Many of the new measures are common-sense ways to improve spectrum efficiency.  Under the memorandum, an agency that requests a new spectrum assignment or that seeks to procure a spectrum-dependent system will have to document its consideration of alternative approaches and verify that it is pursuing the most spectrum-efficient method, in consideration of all relevant factors including cost and agency mission. 

Other aspects of the memorandum build on existing strategies, particularly with respect to advancing collaboration with the private sector and other stakeholders.   Since 2010 the National Telecommunications and Information Administration (NTIA), which manages Federal agency spectrum assignments, has been implementing the President’s directive to identify 500 megahertz of spectrum for wireless broadband by convening agency-industry working groups that are engaged in unprecedented discussions  aimed at increasing spectrum efficiency and providing access to certain federally assigned spectrum bands for consumer wireless broadband.  Today’s memorandum directs NTIA to expand that collaborative process to encompass additional bands.  Towards this end, NTIA and the National Institute of Standards and Technology (NIST) will develop policies and best practices to promote and facilitate greater collaboration among agencies, the private sector, and academia with respect to research, development, testing, and evaluation of spectrum-sharing technologies.   Helping accelerate the pace of technological change, the White House announced $100 million in upcoming and proposed Federal investments in public-private research and development of spectrum sharing and other advanced communications technologies. 

The memorandum also encourages the Federal Communications Commission (FCC), in its role as steward of non-Federal spectrum, to continue its efforts to promote efficient, innovative, and flexible use of spectrum, including by imposing network build-out requirements or other conditions to guard against wasteful spectrum warehousing.  In addition, the memorandum strongly encourages the FCC to take steps to encourage improved performance of radio receivers, a largely-untapped avenue for increasing spectrum efficiency.

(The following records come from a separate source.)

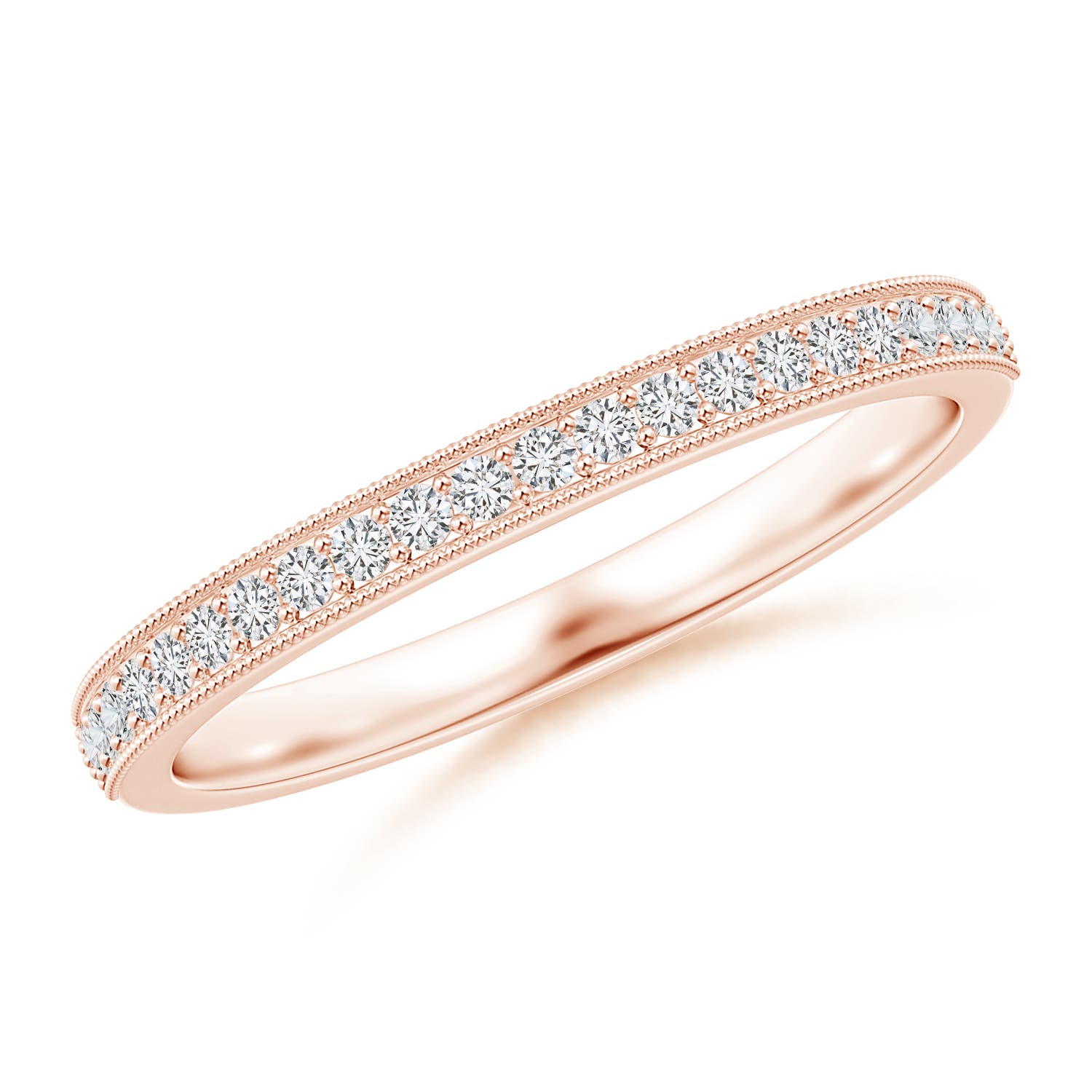 1.2mm HSI2 Aeon Vintage Style Half Eternity Wedding Band with Milgrain in 18K Rose Gold
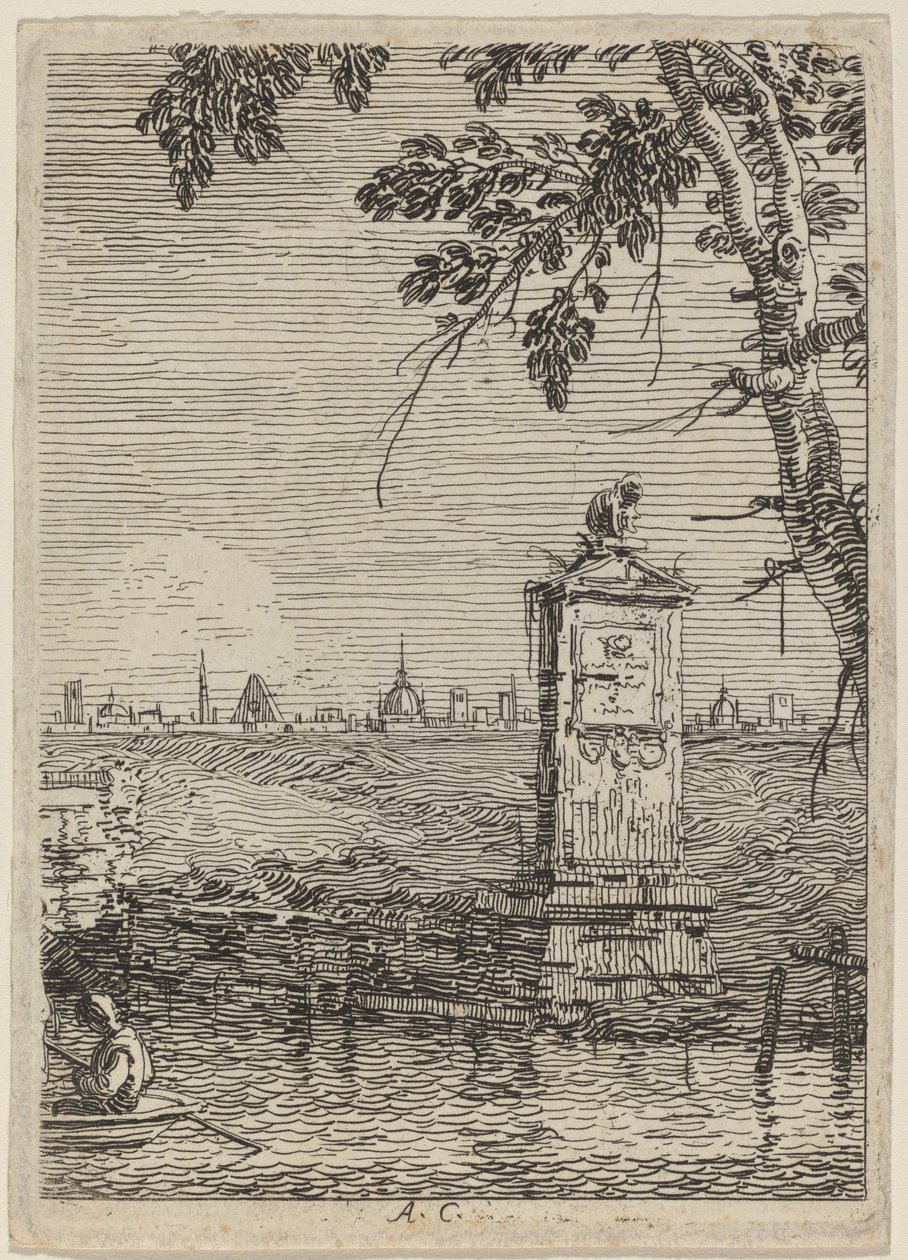Het kleine monument door Canaletto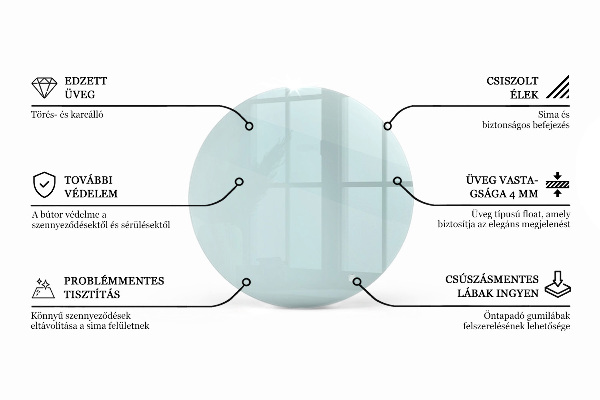 Okrogla steklena mizna plošča prozoren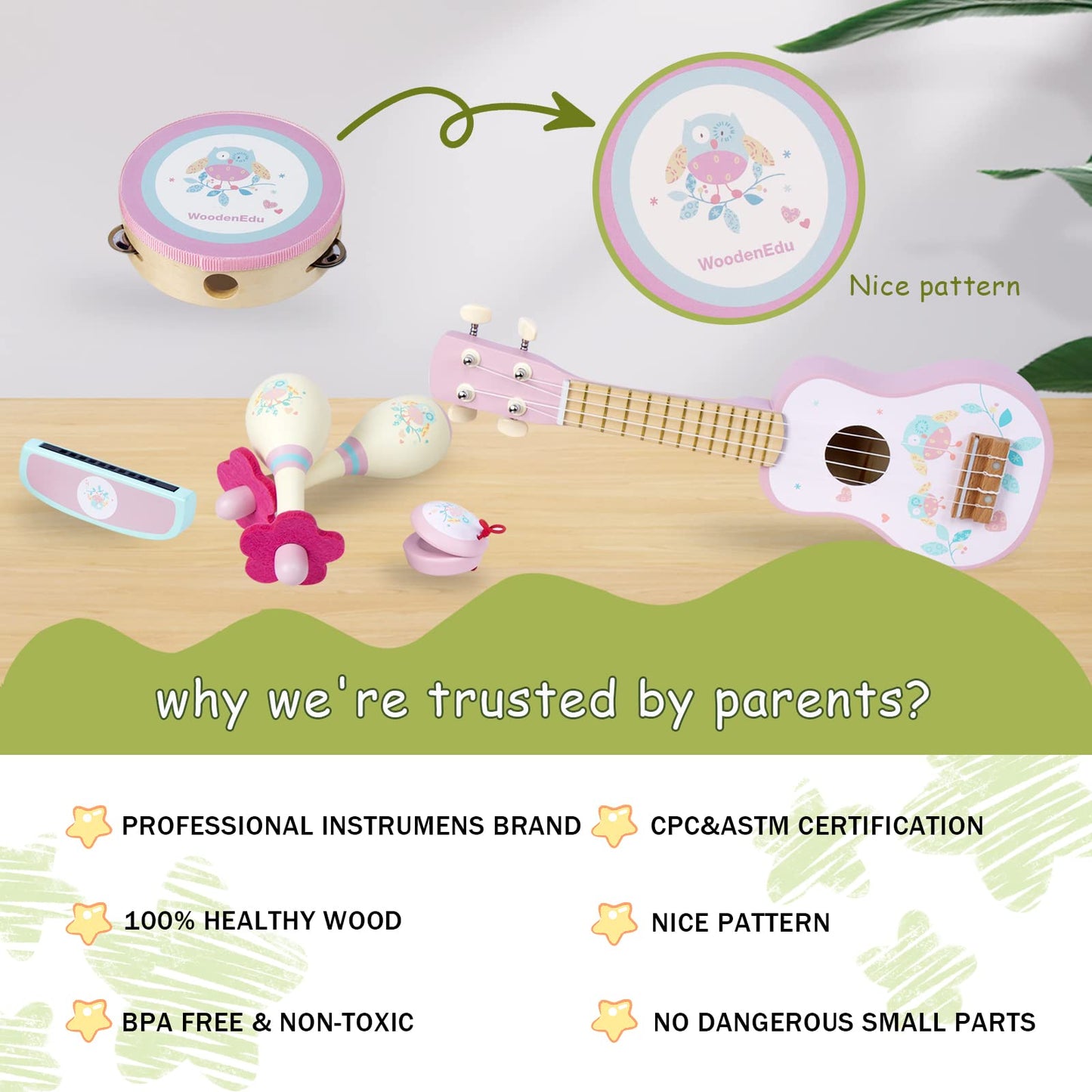 WoodenEdu Kids Guitar for Girls, Wooden Musical Instruments Toys with Ukulele, Tambourine, Maracas, Harmonica, Mini Band Sets for Toddlers 2 3 Years Old Birthday Gift (Pink for Girls)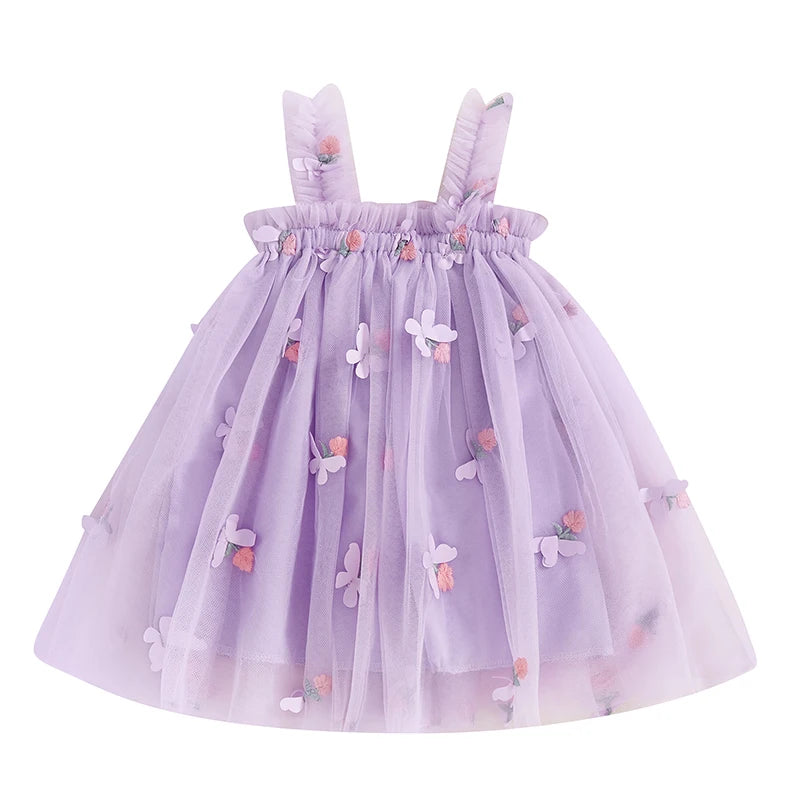 
                      
                        Girls Sleeveless Floral Tulle Princess Dress with Butterfly Detail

As NTIA continues to direct Federal spectrum policy, the memorandum establishes a White House-based Spectrum Policy Team to support NTIA and to report back to the President on implementation of the memorandum.  Among other things, the memorandum specifically directs the Team to assess the role of unlicensed devices and related spectrum policies.

Today’s announcement marks the latest step in the Administration’s spectrum agenda, following a previous Presidential Memorandum released in June 2010, the National Wireless Initiative featured in the President’s 2011 State of the Union Address, and the President’s call for spectrum legislation that was eventually enacted via the Middle Class Tax Relief and Job Creation Act of 2012.

The President’s agenda has also been informed by the groundbreaking July 2012 report,  Realizing the Full Potential of Government-Held Spectrum to Spur Economic Growth, by the President’s Council of Advisers on Science and Technology (PCAST).   That report significantly shifted the discussion within spectrum policy circles to place a much greater emphasis on spectrum sharing as a means of dealing with the finite nature of spectrum and the growing demands for spectrum among commercial and government users.  The steps outlined in today’s memorandum will directly support the technological advances called for by PCAST, as well as advances outlined in a new report, Four Years of Broadband Growth, released today by the White House Office of Science and Technology Policy and National Economic Council..  NTIA and NIST look forward to hosting a Technology Day later this summer to showcase some of these advances.

We look forward to executing on today’s memorandum and related announcements that will add more spectrum fuel to the Nation’s fast-growing wireless broadband economy. 

Tom Power is U.S. Deputy Chief Technology Officer for Telecommunications. Lawrence E. Strickling is Assistant Secretary of Commerce for Communications and Information and Administrator of the National Telecommunications and Information Administration.